One of the immediate effects of reading some of the Torture Report last night was a feeling of deep anger. My memories of 2003 and protesting against the planned invasion of Iraq came flooding back – and my anger towards Tony Blair in particular and the Labour Party in general came flooding back. I tweeted about it a bit last night and this morning – and though most people seemed to agree with me, a number seemed to think I was being unfair. After Polly Toynbee’s suggestion yesterday that we should ‘ignore the flaws’ of the Labour Party, having this particularly huge flaw shoved in my face seemed a touch ironic. So am I unfair to be angry with Labour? The people suggesting so seem to have a three main complaints:
This wasn’t Tony Blair – or even the UK. This is about the CIA.

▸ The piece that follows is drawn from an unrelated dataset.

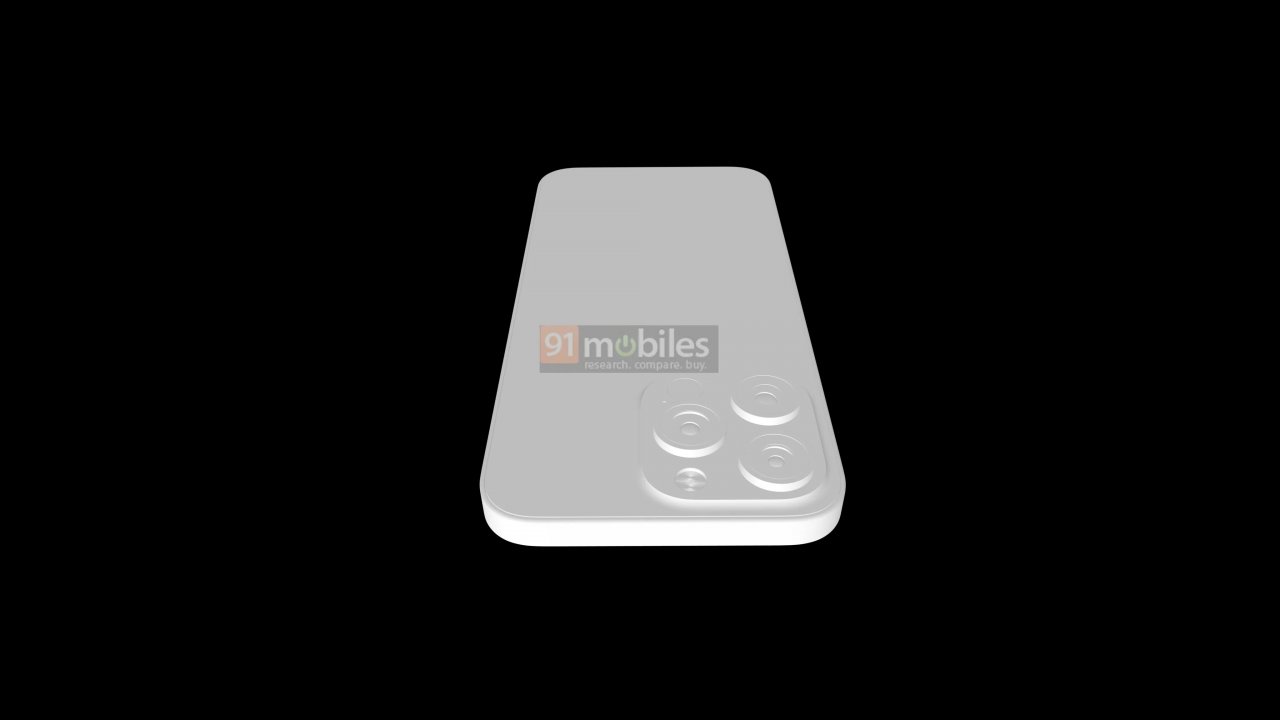 [15/04/2021] Apple iPhone 13 (Pro): CAD-Modell zeigt Änderungen zum Vorgängermodell (8)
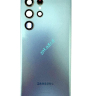 Задняя крышка Samsung S908B Galaxy S22 Ultra оригинал снятая зеленая (green) - Задняя крышка Samsung S908B Galaxy S22 Ultra оригинал снятая зеленая (green)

It’s certainly true that the Torture Report is about the CIA’s activities – but the UK is not unconnected. Firstly, the UK was involved in the CIA’s activities, helping with rendition at the very least, and turning a blind eye to other things. Secondly, anyone who imagines that the UK is totally innocent of similar actions seems to me to be deeply naïve – the fact that we don’t know for sure may well have as much to do with our secretive and seemingly ineffective forms of oversight. A report like the Torture Report is almost unheard of in the UK. We have the odd whitewash from time to time, but nothing more. What’s more, Blair made the UK complicit in the whole ‘war on terror’ – and the torture was part of that.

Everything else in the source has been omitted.